**Try it:** Return the records in full, exactly as given.

**Records to use:**
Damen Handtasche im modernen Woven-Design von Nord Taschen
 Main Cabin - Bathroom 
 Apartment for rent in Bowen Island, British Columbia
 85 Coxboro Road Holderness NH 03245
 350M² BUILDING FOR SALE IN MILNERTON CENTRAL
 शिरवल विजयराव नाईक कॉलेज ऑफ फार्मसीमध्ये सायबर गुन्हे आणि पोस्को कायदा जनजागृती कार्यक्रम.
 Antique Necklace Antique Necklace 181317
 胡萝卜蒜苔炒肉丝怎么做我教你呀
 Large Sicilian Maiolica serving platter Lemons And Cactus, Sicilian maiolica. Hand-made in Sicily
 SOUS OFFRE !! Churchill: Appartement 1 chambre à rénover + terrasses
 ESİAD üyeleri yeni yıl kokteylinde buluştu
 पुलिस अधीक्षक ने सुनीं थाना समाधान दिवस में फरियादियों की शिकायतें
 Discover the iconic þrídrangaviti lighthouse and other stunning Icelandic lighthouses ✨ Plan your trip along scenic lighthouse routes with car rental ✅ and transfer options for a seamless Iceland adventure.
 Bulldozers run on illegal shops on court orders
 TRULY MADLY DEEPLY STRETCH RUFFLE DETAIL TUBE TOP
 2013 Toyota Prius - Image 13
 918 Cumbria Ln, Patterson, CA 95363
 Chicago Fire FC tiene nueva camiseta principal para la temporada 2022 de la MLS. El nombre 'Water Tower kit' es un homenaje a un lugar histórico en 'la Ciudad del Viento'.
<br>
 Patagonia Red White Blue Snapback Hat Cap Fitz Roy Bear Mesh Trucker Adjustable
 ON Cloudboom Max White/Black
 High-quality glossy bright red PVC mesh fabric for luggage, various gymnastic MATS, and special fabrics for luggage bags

**Written response:**
Damen Handtasche im modernen Woven-Design von Nord Taschen
 Main Cabin - Bathroom 
 Apartment for rent in Bowen Island, British Columbia
 85 Coxboro Road Holderness NH 03245
 350M² BUILDING FOR SALE IN MILNERTON CENTRAL
 शिरवल विजयराव नाईक कॉलेज ऑफ फार्मसीमध्ये सायबर गुन्हे आणि पोस्को कायदा जनजागृती कार्यक्रम.
 Antique Necklace Antique Necklace 181317
 胡萝卜蒜苔炒肉丝怎么做我教你呀
 Large Sicilian Maiolica serving platter Lemons And Cactus, Sicilian maiolica. Hand-made in Sicily
 SOUS OFFRE !! Churchill: Appartement 1 chambre à rénover + terrasses
 ESİAD üyeleri yeni yıl kokteylinde buluştu
 पुलिस अधीक्षक ने सुनीं थाना समाधान दिवस में फरियादियों की शिकायतें
 Discover the iconic þrídrangaviti lighthouse and other stunning Icelandic lighthouses ✨ Plan your trip along scenic lighthouse routes with car rental ✅ and transfer options for a seamless Iceland adventure.
 Bulldozers run on illegal shops on court orders
 TRULY MADLY DEEPLY STRETCH RUFFLE DETAIL TUBE TOP
 2013 Toyota Prius - Image 13
 918 Cumbria Ln, Patterson, CA 95363
 Chicago Fire FC tiene nueva camiseta principal para la temporada 2022 de la MLS. El nombre 'Water Tower kit' es un homenaje a un lugar histórico en 'la Ciudad del Viento'.
<br>
 Patagonia Red White Blue Snapback Hat Cap Fitz Roy Bear Mesh Trucker Adjustable
 ON Cloudboom Max White/Black
 High-quality glossy bright red PVC mesh fabric for luggage, various gymnastic MATS, and special fabrics for luggage bags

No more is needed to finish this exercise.